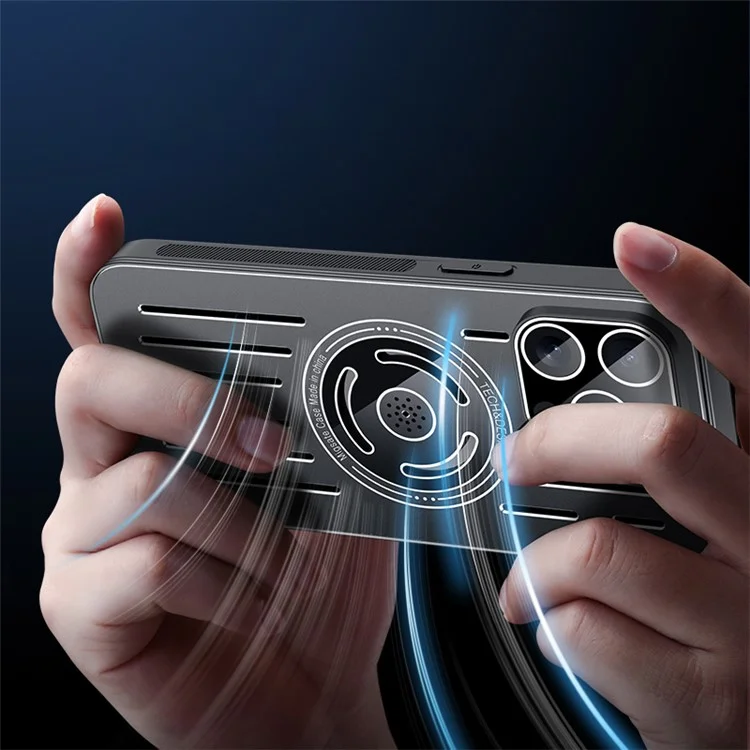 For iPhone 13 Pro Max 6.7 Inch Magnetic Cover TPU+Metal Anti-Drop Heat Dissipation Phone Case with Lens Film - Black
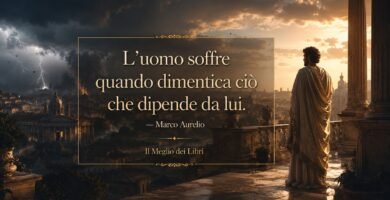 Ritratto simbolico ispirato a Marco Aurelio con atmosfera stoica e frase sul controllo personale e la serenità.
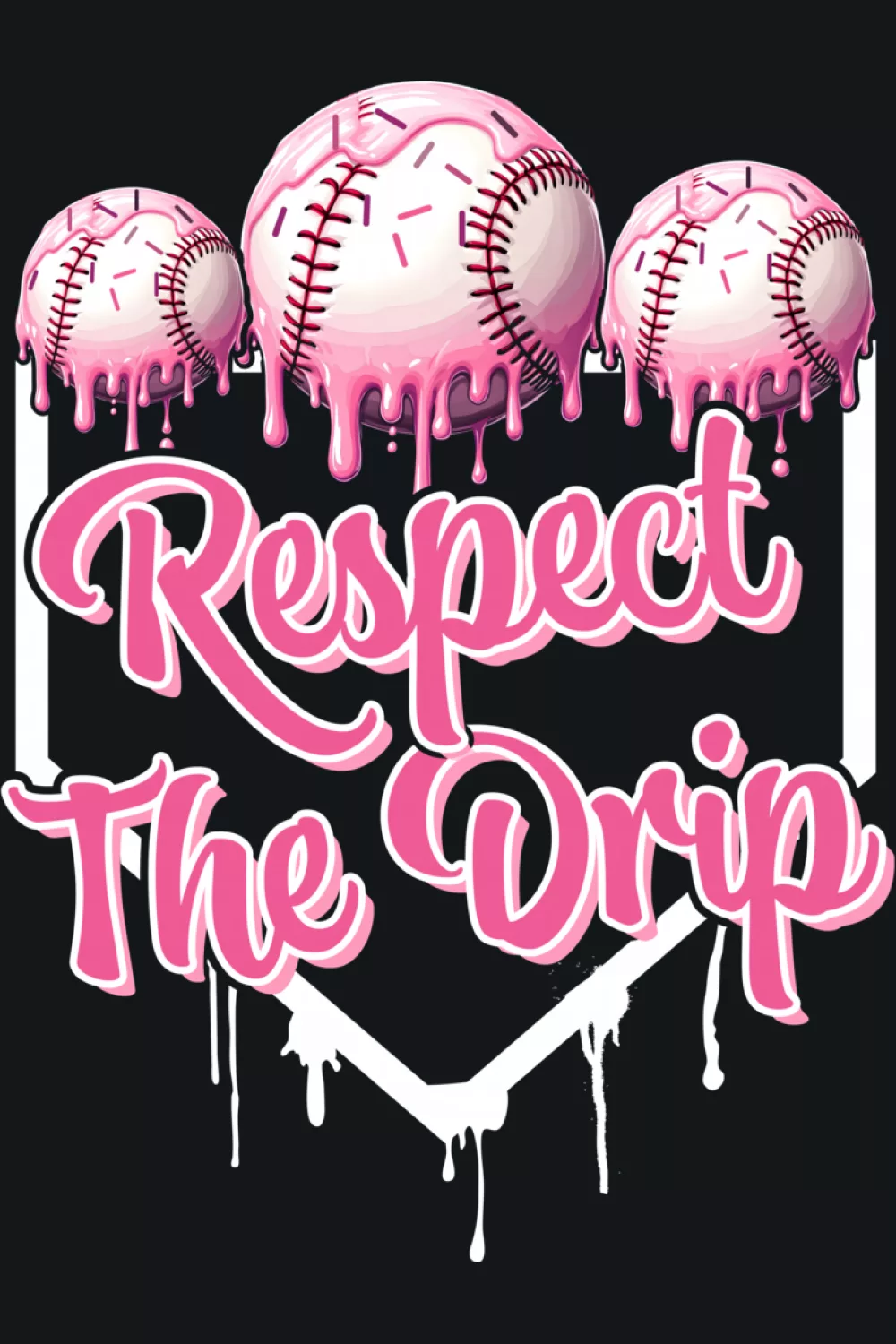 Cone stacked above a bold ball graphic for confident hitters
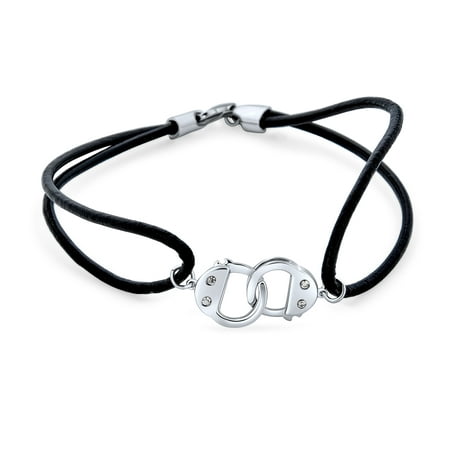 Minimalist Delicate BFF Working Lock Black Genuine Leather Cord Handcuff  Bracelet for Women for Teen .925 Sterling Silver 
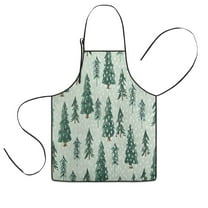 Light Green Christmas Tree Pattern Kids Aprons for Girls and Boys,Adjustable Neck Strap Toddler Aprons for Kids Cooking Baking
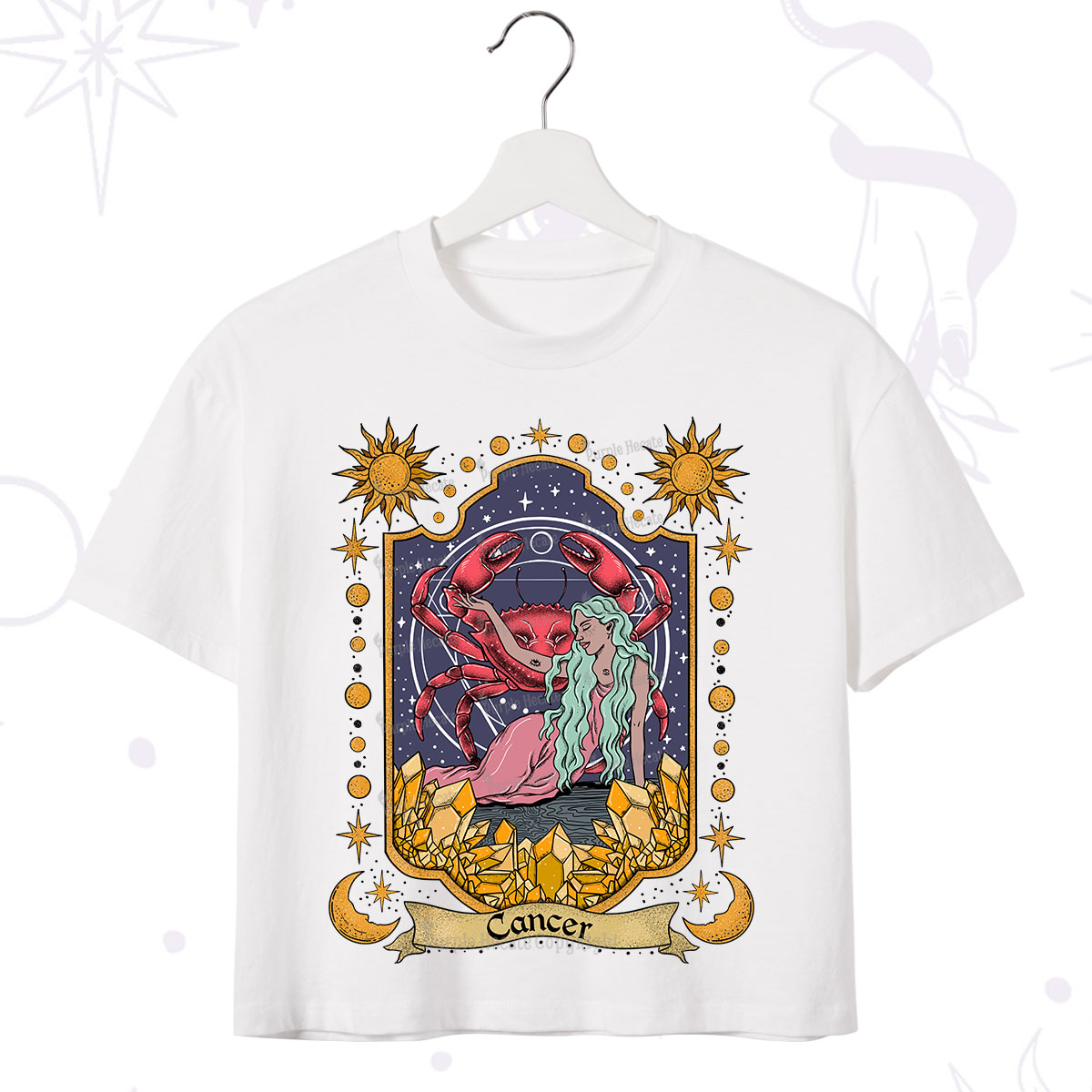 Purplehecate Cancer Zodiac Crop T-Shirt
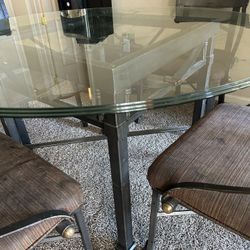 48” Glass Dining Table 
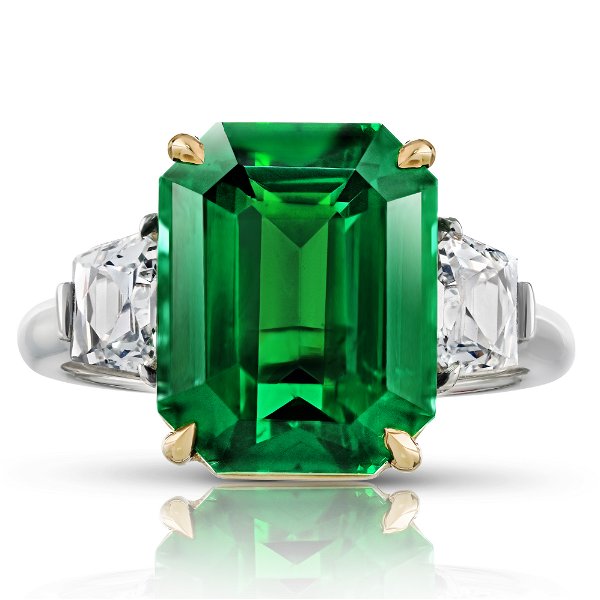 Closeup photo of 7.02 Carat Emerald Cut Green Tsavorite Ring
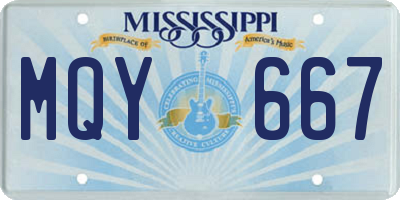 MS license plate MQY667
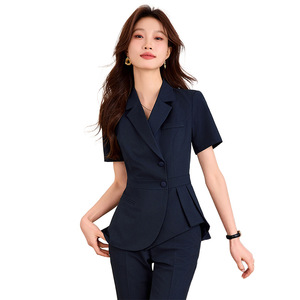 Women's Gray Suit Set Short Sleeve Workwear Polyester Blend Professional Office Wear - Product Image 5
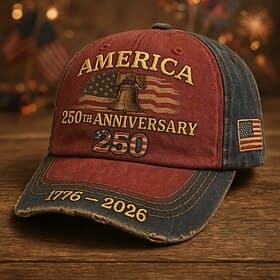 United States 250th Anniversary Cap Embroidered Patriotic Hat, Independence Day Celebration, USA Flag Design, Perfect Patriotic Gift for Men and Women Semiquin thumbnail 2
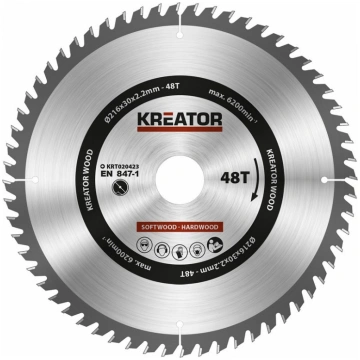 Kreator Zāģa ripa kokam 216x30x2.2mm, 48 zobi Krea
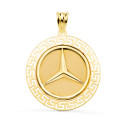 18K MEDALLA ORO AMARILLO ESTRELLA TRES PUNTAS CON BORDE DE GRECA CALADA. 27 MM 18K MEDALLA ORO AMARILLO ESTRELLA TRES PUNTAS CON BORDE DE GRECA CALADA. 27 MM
============
• [What you should do] Verbatim repetition of the entries is required, excluding any pictures.

• [Answer to this exercise]
 For iPhone 13 Pro Max 6.7 Inch Magnetic Cover TPU+Metal Anti-Drop Heat Dissipation Phone Case with Lens Film - Black
 Ritratto simbolico ispirato a Marco Aurelio con atmosfera stoica e frase sul controllo personale e la serenità.
 Cone stacked above a bold ball graphic for confident hitters
 Minimalist Delicate BFF Working Lock Black Genuine Leather Cord Handcuff  Bracelet for Women for Teen .925 Sterling Silver 
 Light Green Christmas Tree Pattern Kids Aprons for Girls and Boys,Adjustable Neck Strap Toddler Aprons for Kids Cooking Baking
 Purplehecate Cancer Zodiac Crop T-Shirt
 48” Glass Dining Table 
 Closeup photo of 7.02 Carat Emerald Cut Green Tsavorite Ring
 MS license plate MQY667
 Women's Gray Suit Set Short Sleeve Workwear Polyester Blend Professional Office Wear - Product Image 5
 United States 250th Anniversary Cap Embroidered Patriotic Hat, Independence Day Celebration, USA Flag Design, Perfect Patriotic Gift for Men and Women Semiquin thumbnail 2
 Kreator Zāģa ripa kokam 216x30x2.2mm, 48 zobi Krea
 18K MEDALLA ORO AMARILLO ESTRELLA TRES PUNTAS CON BORDE DE GRECA CALADA. 27 MM 18K MEDALLA ORO AMARILLO ESTRELLA TRES PUNTAS CON BORDE DE GRECA CALADA. 27 MM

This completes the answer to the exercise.